Aceh Utara, Buana News — Situasi di Desa Kilometer 8, Kecamatan Simpang Kramat, kembali memanas. Warga setempat menilai PT Satya Agung telah mengingkari komitmen yang sebelumnya disepakati bersama dalam audiensi pada Selasa, 30 September lalu di Royal Coffee Lhokseumawe. Pertemuan itu digelar untuk menuntaskan persoalan lahan HGU No. 2 atas nama PT Satya Agung, yang sejak lama digarap warga dan menjadi sumber konflik berkepanjangan.
Dalam pertemuan tersebut, kedua pihak disebut telah menyetujui sebuah surat perjanjian pelepasan lahan. Salah satu poin paling krusial terdapat pada poin pertama, yang berbunyi bahwa PT Satya Agung bersedia melepaskan lahan yang telah ditanami oleh masyarakat Kilometer VIII kepada pihak yang saat ini menanami lahan tersebut. Poin itu juga menegaskan bahwa pelepasan lahan hanya mencakup area yang memang telah digarap masyarakat, tidak termasuk lahan yang dikuasai dan ditanami oleh perusahaan. Lokasi lahan yang akan dilepaskan pun jelas: berada dalam wilayah Desa Kilometer VIII, Kecamatan Simpang Kramat, Aceh Utara.

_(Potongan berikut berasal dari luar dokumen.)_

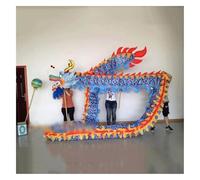 Chinese Dragon Dance 10 Meters Lion Dance Chinese Silk Dragon Dance Wu Long 3d Colorful Dragon Dance Outdoor Dragon for 6 Players Classic(Blu)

Lebih jauh, kesepakatan tersebut juga mencakup komitmen perusahaan untuk melakukan inventarisasi ulang terhadap total luas lahan, serta kesediaannya menandatangani surat penyerahan lahan kepada para penggarap yang sah.
Namun harapan warga untuk memperoleh kepastian justru kembali pupus. Pihak pemerintah Desa melalui perwakilannya, Muhammad alias Amad Kadus, mengungkapkan kekecewaannya terhadap sikap PT Satya Agung. Menurutnya, alih-alih memberikan surat perjanjian penyerahan lahan yang telah disepakati, perusahaan justru menyerahkan salinan berita acara lama—yaitu dokumen hasil pertemuan yang pernah difasilitasi anggota DPD RI beberapa bulan sebelumnya.
“Sangat disayangkan. Yang mereka serahkan kepada kami bukan surat perjanjian yang mereka tanda tangani, tetapi hanya berita acara pertemuan lama. Ini jelas bentuk pengabaian.” tegas Muhammad.
Ia juga menegaskan bahwa pemerintah desa sebelumnya telah memberikan jaminan bahwa masyarakat tidak akan lagi mengajukan tuntutan atau mengganggu aktivitas perusahaan jika perjanjian itu direalisasikan. Namun dengan langkah terbaru PT Satya Agung, jaminan tersebut disebut tidak dapat lagi dipegang.
“Kami merasa ditipu dan dipermainkan oleh PT Satya Agung. Saat ini saya tidak bisa menjamin masyarakat Kilometer 8 untuk tidak melakukan aksi yang lebih besar terkait HGU seluas 134 hektar itu.” tambahnya dengan nada kecewa.

Masyarakat menilai tindakan PT Satya Agung bukan hanya pelanggaran komitmen, tetapi juga bentuk penghinaan terhadap upaya mereka mencari penyelesaian secara damai. Konflik lahan yang tak kunjung tuntas ini pun berpotensi kembali memicu gelombang protes yang lebih besar jika perusahaan tidak segera menunjukkan itikad baik.
Hingga berita ini diturunkan, pihak PT Satya Agung belum memberikan klarifikasi resmi pada media yang dikonfirmasi lewat pesan washapp terkait dugaan pengingkaran perjanjian tersebut.